Überschätzte «Erosion des Bilateralismus»: Seit Beginn der Gespräche zum Rahmenabkommen weigert sich die EU, das Abkommen über die technischen Handelshemmnisse zu aktualisieren. Die sogenannte «Erosion der bilateralen Verträge» findet nur in diesem der fünf Marktzugangsabkommen statt – und nur, weil die EU dies so will. Das ist unschön und eine Vertragsverletzung durch die EU.

Nach jetzigem Rechtsstand besteht in keinem der fünf Abkommen, auf welche sich das RA bezieht, eine Aufdatierungspflicht. Es liegt also keine Vertragsverletzung durch die EU vor. Davon einmal abgesehen davon, dass nicht nur das Abkommen über die Technischen Handelshemmnisse zunehmend erodieren wird, wird es inskünftig noch weit mehr Branchen treffen. Nicht alle haben die Möglichkeit – oder dann nur mit erheblichen Zusatzkosten – die Zertifizierung ihrer Produkte im EU-Raum vornehmen zu lassen.
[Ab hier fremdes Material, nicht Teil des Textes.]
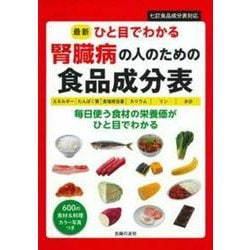 最新ひと目でわかる腎臓病の人のための食品成分表 [単行本]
Schweizer Beteiligung an der Forschungszusammenarbeit «Horizon Europe»: Forschungszusammenarbeit mit Universitäten in der EU ist weiterhin möglich, einfach nicht mehr via das EU-Programm, Geld wäre ebenfalls vorhanden und eine Fokussierung auf Spitzenuniversitäten in den USA, Grossbritannien oder Israel statt auf das Programm der EU möglicherweise kein Nachteil.

Horizon Europe ist am 12. Mai 2021 in Kraft getreten. Die Schweiz ist (noch) nicht dabei. Aus diesem Grund müssen Forschende und Innovatoren in der Schweiz, die sich für die ersten Ausschreibungen von Horizon Europe und verwandten Programmen und Initiativen bewerben, dies als Teilnehmer aus einem assoziierten Land tun. Mit dem «Brexit-Abkommen vom Dezember 2020 einigten sich die EU und das Vereinigte Königreich (UK) auf ein Handels- und Kooperationsabkommen. Als Teil des Abkommens wird sich UK an Horizon Europe beteiligen können. Da die Zusammenarbeit zwischen der Schweiz und dem Vereinigten Königreich im Bereich Forschung und Innovation bisher hauptsächlich über die EU-Programme für Forschung und Innovation erfolgte, wird die Zusammenarbeit zwischen Forschenden in der Schweiz und in Grossbritannien auch weiterhin vorwiegend über dies EU-Programme stattfinden – UK ist also dabei, die Schweiz (noch) nicht.

Um die Beziehungen mit der EU konstruktiv weiterzuentwickeln, muss der vorliegende Abkommenstext vom Tisch. Erst dann lässt sich wieder auf Augenhöhe miteinander verhandeln. Möglicherweise ergeben sich für die oben erwähnten zwei Themen rasch pragmatische Lösungen.

  • Freigabe der «Kohäsionsmilliarde»
  • Angebot der Schweiz an die EU, dass das Abkommen über die technischen Handelshemmnisse dynamisiert wird.

Dynamisierung bedeutet in diesem Zusammenhang nichts anderes als «Aktualisierung». Die EU hat jedoch mehrfach und überdeutlich klar gemacht, dass eine Aktualisierung ohne RA nicht infrage kommen wird. Und noch dazu: Warum sollte die EU hier bereit sein, sich zum Aufdatieren zu verpflichten, ohne zugleich zu erwarten, dass es auch die Schweiz für das Freizügigkeitsabkommen zulässt?